# Snake bites model's breast during photo shoot, reportedly dies of silicone poisoning



## LouDAgreat (Mar 14, 2011)

> A busty model and an angry snake together for a photo shoot ? what could possibly go wrong?
> 
> Orit Fox's attempt at seductive posing with a massive boa took a bizarre turn when the snake bit one of the Israeli B-Lister's surgically enhanced breasts in the middle of a shoot for a Tel Aviv radio station, ABC of Spain reported.
> 
> ...





[YOUTUBE]http://www.youtube.com/watch?v=tUvJYtME8es&feature=player_embedded[/YOUTUBE]


----------



## Razgriez (Mar 14, 2011)

Poor snake. All the more reason why fake titties suck!


----------



## Aruarian (Mar 14, 2011)

That's not a model, that's a monster.


----------



## Ennoea (Mar 14, 2011)

Okay that's pretty lulzy. Model? They mean porn actress.


----------



## Mexicano27 (Mar 14, 2011)

Safe driving, and safety from snake bites.
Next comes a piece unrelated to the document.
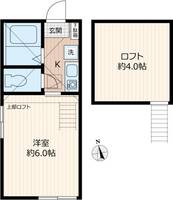 神奈川県川崎市川崎区小田4(アパート)の賃貸物件の間取り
Nice.


----------



## kazuri (Mar 14, 2011)

Yea, the snake died of silicone poisoning but they don't even mention the woman's implant leaking into her breast and potentially killing her too. I Really doubt that.


----------



## LouDAgreat (Mar 14, 2011)

When I first saw her, I thought she was Brazilian., then the article said she's Israeli.


----------



## Saufsoldat (Mar 14, 2011)

Wow, she's fugly.

Not news, though. Not even a little.


----------



## Sanity Check (Mar 14, 2011)

An israeli (who lives in the desert?) having the oompa loompa tan that comes from a tanning bed.  How the F did that happen?  :ho


----------



## Mael (Mar 14, 2011)

> Orit Fox's attempt at seductive posing with a massive boa took a bizarre turn when the snake bit one of the *Israeli B-Lister's* surgically enhanced breasts in the middle of a shoot for a Tel Aviv radio station, ABC of Spain reported.



Palestinian snake.


----------



## MF NaruSimpson (Mar 14, 2011)

lol, straight for the nipple, this should be on fhv


----------



## Gino (Mar 14, 2011)

Tits of death..........


----------



## Talon. (Mar 14, 2011)

See, i thought the lady died.

The fact that the snake is dead just make for some lulz.


----------



## Blitzomaru (Mar 14, 2011)

3 things.  

1. That looks like a man.

2.  Who the fudge would try to lick a snake?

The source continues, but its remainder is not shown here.